(Beginning of Input data)

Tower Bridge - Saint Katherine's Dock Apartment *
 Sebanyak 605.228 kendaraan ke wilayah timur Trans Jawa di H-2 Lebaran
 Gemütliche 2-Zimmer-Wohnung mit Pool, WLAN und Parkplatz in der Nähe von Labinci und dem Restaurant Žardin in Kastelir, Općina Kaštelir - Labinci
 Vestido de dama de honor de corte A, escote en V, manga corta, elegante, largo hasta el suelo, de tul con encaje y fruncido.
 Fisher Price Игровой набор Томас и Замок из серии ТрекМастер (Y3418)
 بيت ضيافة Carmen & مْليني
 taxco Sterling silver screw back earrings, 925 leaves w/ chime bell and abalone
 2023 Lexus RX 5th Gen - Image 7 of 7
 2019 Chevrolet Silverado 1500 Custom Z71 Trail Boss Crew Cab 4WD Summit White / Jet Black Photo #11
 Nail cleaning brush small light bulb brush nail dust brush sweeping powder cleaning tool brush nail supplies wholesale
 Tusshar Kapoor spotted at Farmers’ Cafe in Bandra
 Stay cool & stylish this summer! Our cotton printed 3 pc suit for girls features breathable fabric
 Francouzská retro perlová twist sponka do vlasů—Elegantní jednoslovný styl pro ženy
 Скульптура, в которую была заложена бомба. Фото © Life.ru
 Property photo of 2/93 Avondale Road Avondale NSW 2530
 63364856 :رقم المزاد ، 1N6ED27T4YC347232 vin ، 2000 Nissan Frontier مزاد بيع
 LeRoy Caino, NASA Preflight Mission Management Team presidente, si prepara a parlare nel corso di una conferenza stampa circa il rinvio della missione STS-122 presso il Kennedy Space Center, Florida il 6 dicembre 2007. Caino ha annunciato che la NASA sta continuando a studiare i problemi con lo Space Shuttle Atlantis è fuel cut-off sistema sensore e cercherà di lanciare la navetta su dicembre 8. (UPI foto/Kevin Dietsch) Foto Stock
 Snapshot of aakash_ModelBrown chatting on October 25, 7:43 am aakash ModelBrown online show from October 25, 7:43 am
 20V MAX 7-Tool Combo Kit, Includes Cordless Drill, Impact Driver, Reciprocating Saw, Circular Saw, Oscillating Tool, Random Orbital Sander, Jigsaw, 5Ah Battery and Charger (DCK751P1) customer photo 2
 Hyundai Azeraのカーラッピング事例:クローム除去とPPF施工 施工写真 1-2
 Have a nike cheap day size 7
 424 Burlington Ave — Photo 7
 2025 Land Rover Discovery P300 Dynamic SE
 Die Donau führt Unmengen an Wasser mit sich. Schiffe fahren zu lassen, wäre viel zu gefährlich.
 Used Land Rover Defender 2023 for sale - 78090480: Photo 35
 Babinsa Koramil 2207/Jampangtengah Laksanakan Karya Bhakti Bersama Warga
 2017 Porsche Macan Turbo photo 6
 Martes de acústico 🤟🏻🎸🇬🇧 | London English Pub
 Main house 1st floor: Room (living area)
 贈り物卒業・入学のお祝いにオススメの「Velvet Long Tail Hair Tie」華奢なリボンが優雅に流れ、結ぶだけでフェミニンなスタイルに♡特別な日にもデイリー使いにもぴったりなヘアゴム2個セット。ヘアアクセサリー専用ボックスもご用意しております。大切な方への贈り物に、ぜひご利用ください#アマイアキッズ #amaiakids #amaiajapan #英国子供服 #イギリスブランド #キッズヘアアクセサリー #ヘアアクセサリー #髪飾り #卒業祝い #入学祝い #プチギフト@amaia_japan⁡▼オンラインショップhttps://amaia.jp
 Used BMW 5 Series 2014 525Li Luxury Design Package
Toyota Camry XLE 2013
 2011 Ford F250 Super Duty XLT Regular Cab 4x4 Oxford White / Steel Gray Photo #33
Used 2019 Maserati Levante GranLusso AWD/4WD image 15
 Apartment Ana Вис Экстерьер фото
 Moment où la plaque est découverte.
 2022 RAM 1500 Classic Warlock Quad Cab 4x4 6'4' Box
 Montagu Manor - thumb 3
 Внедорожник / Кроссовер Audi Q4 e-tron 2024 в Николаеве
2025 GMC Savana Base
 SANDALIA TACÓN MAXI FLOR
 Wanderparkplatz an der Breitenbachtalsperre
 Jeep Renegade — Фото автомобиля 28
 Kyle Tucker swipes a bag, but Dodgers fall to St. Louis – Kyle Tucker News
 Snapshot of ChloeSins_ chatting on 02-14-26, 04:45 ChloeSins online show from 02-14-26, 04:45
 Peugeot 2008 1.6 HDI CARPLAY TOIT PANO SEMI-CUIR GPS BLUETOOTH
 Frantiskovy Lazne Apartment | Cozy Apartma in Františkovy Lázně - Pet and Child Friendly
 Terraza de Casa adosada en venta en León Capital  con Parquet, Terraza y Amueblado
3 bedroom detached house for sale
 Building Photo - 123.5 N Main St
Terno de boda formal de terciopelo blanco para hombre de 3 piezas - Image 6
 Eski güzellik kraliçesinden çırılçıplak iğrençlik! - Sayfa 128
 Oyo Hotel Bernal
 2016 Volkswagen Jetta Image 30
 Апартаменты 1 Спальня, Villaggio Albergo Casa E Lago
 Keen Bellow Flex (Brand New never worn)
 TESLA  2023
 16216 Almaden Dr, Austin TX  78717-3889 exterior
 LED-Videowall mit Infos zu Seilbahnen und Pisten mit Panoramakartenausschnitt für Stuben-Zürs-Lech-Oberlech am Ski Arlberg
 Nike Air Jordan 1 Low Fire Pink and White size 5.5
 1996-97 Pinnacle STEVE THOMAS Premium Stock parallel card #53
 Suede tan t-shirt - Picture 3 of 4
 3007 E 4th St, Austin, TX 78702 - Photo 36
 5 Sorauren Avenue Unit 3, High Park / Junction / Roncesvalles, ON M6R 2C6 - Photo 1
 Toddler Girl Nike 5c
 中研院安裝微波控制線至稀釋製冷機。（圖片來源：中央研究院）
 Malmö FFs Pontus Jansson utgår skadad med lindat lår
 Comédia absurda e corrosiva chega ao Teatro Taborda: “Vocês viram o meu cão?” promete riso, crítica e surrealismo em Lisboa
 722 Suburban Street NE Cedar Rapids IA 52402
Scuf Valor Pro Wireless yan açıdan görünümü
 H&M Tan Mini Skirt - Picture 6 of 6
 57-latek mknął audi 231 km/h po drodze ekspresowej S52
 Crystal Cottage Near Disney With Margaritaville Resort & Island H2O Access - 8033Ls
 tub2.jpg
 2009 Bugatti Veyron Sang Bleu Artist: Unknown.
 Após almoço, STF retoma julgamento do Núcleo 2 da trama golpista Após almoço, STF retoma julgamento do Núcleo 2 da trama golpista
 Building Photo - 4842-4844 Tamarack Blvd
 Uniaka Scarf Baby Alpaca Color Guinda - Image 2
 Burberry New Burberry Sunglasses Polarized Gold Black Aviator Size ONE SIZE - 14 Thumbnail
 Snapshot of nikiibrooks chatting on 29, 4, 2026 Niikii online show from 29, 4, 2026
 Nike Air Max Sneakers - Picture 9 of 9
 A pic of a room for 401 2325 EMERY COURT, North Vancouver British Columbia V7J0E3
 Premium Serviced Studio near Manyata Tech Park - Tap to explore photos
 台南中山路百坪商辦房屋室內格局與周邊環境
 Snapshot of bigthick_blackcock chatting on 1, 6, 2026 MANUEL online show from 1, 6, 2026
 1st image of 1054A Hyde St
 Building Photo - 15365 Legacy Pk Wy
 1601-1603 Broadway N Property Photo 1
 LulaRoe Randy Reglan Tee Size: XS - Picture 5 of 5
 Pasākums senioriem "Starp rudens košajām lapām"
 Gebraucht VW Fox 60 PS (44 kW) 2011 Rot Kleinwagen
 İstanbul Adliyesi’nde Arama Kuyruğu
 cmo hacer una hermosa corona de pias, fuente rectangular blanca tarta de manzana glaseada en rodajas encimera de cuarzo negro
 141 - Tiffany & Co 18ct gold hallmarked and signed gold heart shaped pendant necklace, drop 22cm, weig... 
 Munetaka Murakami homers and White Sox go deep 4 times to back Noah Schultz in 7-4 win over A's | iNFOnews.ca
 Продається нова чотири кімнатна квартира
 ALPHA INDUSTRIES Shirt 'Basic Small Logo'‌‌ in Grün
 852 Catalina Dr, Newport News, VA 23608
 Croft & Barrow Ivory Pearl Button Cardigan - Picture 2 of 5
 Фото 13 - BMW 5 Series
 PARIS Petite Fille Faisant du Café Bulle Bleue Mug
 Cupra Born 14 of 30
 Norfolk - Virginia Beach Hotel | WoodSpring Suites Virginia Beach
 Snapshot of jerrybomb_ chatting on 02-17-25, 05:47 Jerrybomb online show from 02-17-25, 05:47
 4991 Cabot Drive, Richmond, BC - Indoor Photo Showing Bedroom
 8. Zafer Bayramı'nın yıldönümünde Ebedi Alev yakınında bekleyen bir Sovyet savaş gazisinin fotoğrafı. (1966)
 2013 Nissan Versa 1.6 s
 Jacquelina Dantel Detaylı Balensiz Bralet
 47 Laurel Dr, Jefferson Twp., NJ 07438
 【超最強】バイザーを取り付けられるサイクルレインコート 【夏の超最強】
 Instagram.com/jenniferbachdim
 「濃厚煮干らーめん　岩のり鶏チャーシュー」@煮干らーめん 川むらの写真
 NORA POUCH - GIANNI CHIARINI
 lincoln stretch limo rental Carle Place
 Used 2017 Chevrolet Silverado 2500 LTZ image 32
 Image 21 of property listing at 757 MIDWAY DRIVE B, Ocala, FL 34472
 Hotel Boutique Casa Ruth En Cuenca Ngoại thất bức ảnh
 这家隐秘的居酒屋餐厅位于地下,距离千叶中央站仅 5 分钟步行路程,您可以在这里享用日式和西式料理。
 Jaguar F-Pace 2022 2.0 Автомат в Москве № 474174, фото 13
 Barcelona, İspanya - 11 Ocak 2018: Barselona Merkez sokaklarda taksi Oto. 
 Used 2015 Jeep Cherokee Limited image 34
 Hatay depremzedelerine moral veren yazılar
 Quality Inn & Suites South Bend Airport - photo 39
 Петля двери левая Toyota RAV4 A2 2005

(End of Input data)

▶ [Try it]: Reproduce each line of the records in which the word "Snapshot" appears.

▶ [Problem solution]:
 Snapshot of aakash_ModelBrown chatting on October 25, 7:43 am aakash ModelBrown online show from October 25, 7:43 am
 Snapshot of ChloeSins_ chatting on 02-14-26, 04:45 ChloeSins online show from 02-14-26, 04:45
 Snapshot of nikiibrooks chatting on 29, 4, 2026 Niikii online show from 29, 4, 2026
 Snapshot of bigthick_blackcock chatting on 1, 6, 2026 MANUEL online show from 1, 6, 2026
 Snapshot of jerrybomb_ chatting on 02-17-25, 05:47 Jerrybomb online show from 02-17-25, 05:47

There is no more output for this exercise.